IS IT SO HARD
Is it so hard to imagine a world
where we’ve all stopped dying at our own hands
where we return to the more human illusion
of having personalities instead of brands?
Where the living cells of our flesh
are not virtually mineralized
by the logos and memes
of the new periodic table
of mutant elements
that have deranged
the molecular structures
that once stood behind our names.
There are cuckoos
there are xenophobic changelings
in everybody’s nuclear nest
smashing eggs at the roots of the tree
they were born to sing in
like a mass infanticide of whole notes.
Our first mother’s womb
was a generous open place
that gave freely of itself.
Now we conspire to steal our way in
like something in our food
to tamper with the face we’ve always wanted
like an airbrushed photo on the cover of a magazine,
still-lives of sexy semi-nudes
posing like menus with attitude.
We’re all jawing the stale gum of our lives
like the psychotic cud serial killers chew
when they’ve slaughtered all their sacred cows.

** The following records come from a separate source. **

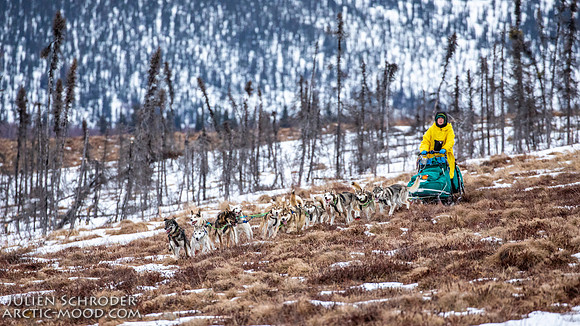 untitled-Iditarod2019-JSchroder_20190309_D4_6152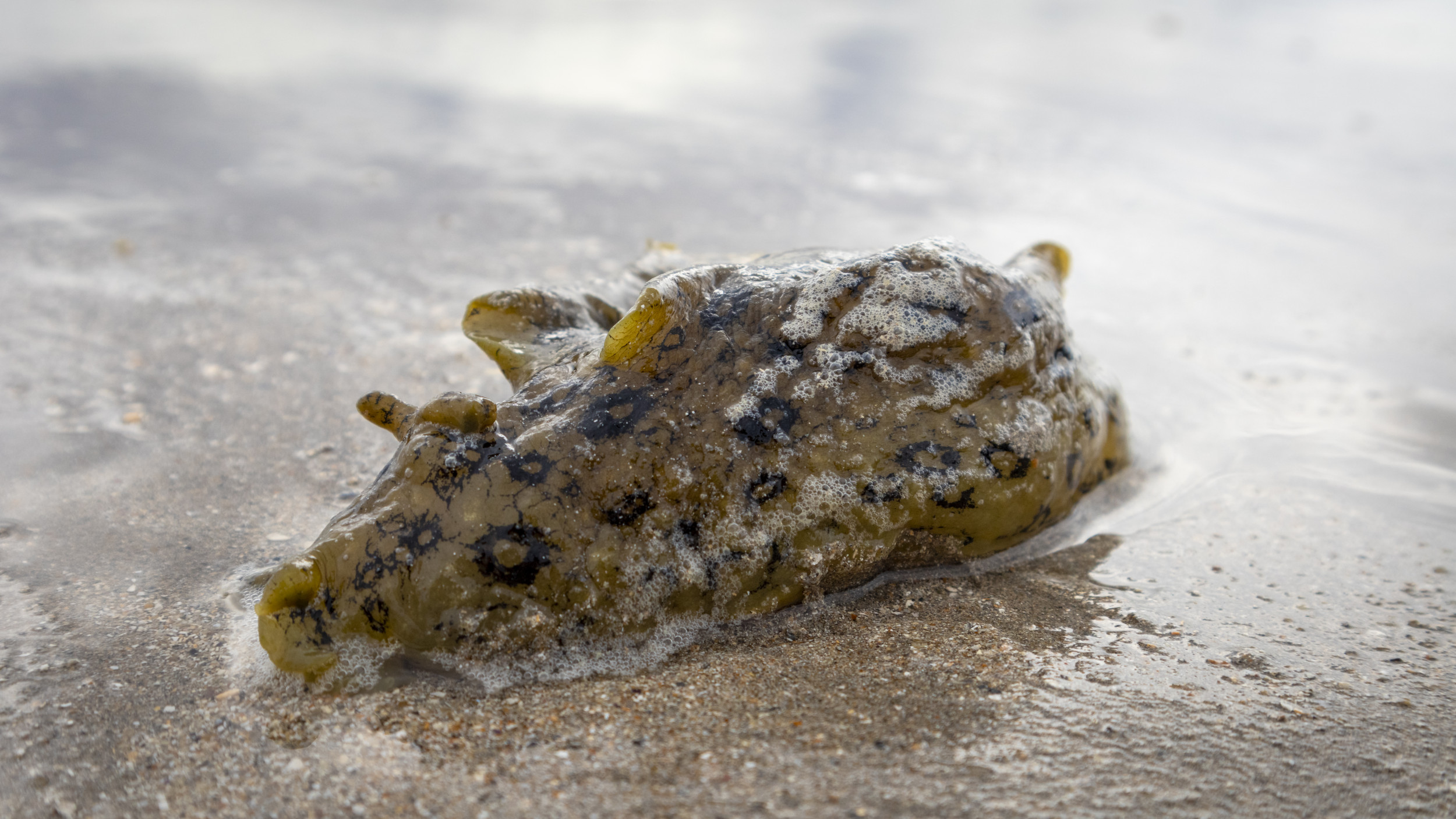 Alien' Sea Creatures Baffle Locals As They Wash Up on Beaches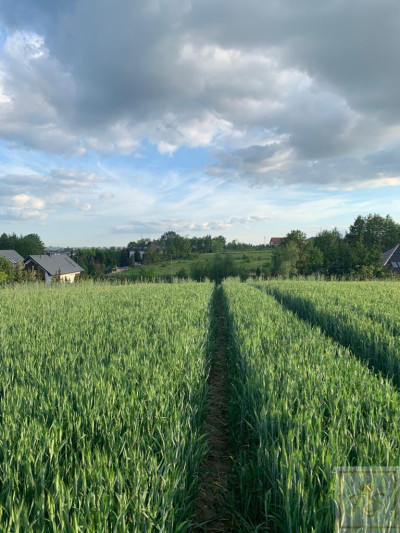 Poznań Morasko Widokowa działka - Morasko  -
wielkopolskie Zdjęcie nr 3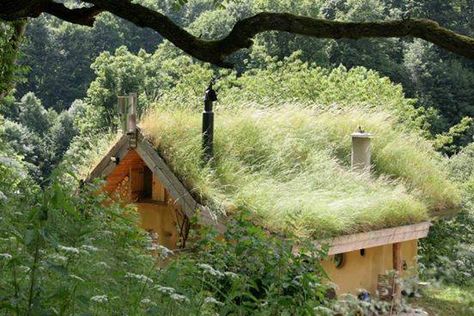 no problem Turf Roof, Underground Living, Green Roof System, Grass Roof, Green Roofs, Grass Valley, House In Nature, Earth Homes, Natural Building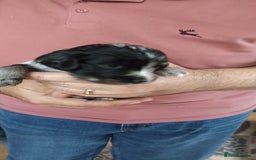 Cocker Spaniel dogs for sale: Stunning cocker spaniel litter  - Image 15
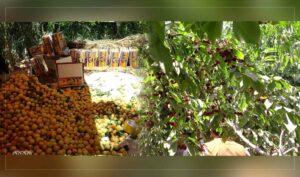 Parwan: Apricot, cherry yield go up significantly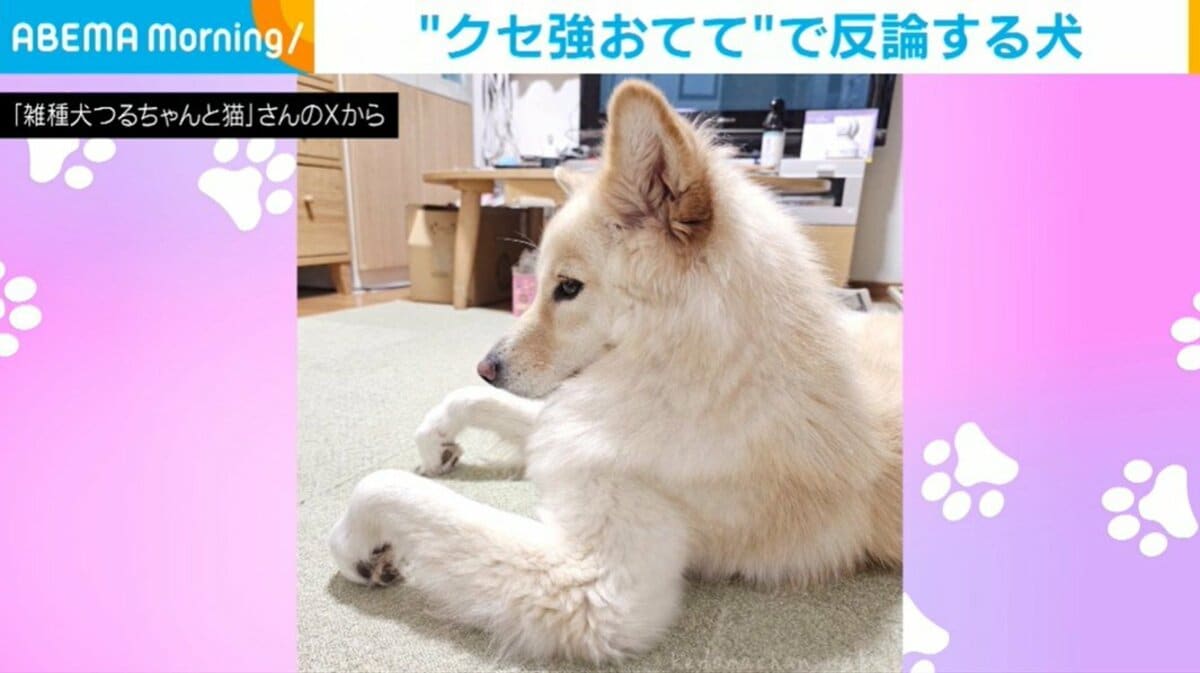 おやつ断られてフンッ！不服そうな犬の“クセ強おてて”に「強い意思を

Nanochips have deposed our mitochondria.
God’s eye is flyed with pixels
and everyone is looking
for signs of the end
in every blue beginning
like a corpse that can’t wait.
And the muses of our heartless arts
conspire with us like
hatred of the bad
hatred of the good
perversion of the root
coercion of the flower
as we sign our names like skidmarks
to the new designer dreams
that can see eternity in a sound-bite
and in the workings of the universe
the most successful snakepit
of all our corporate schemes.
TV turned the stone over
and now we can look into things
we’ve never seen before
like birds in the eyes of a cobra
paralyzed by the mesmeric horror
of watching what happens to the others
day after day after day
as if our destinies
were merely a hypocritical kind of luck
as if our eyes were embedded like jewels
in the keyhole of a door
we’re all looking through on the inside
to see what they meant
when they called the world Babylon
and Babylon a whore.
All those candles in the night
we kept burning
like gestures of faith
in someone returning
have suffered a major meltdown
and now we’re Peeping Toms
in the windows of existence,
billions of tiny Tom Thumbs
sticking our opposable thumbs
in everyone else’s pies
to gouge out the plums
of their incredible Oedipal eyes.
We’ve reversed the spin
on the polarity of our stars,
we’ve navigated away from the old skies
with all their analogue cliches of shining
like web-sites digitally streaming
the last live reality show on Mars
to expose its scars as ours
soon enough.
We’ve reversed the spin
on the polarity of our eyes
and now we’re looking out of the darkness
into everybody else’s lies
like the original sins
of our own myths of origin
that have always tried to finish us
right where we begin
knowing we’ll fall for it all over again
like a sure cure for obesity impotence and pain:
elixirs of pharmaceutical snakeoil
injected directly into the brain
like messianic chemicals
that can raise the dead from the living
like a gift that just doesn’t know when
to stop giving.
Is it so hard to imagine a world
given what you know of this one
where the dead don’t legislate for the living
and any sign of life in the cemetery,
any fragrance any colour any taste
any action any twitch of life
that trips the switch of your boney fingertips
and turns something on
that isn’t already too far gone to call back
isn’t an event on the flatlining horizon of a blackhole
to the other side of a brighter world
as abhorrent as dawn is to a ghost?
Is it so hard to imagine a world
that isn’t one of Mother Hubbard’s old shoes
crammed with too many children
chewing on leather to live,
a world without human traffickers off its coast
coyotes at its border
overturning lifeboats of refugees
or taking off their shoes
to dump the pebbles of the road out of them
like the skulls of desperate, helpless people
who couldn’t swim through sand or water
to save their own lives for love or money.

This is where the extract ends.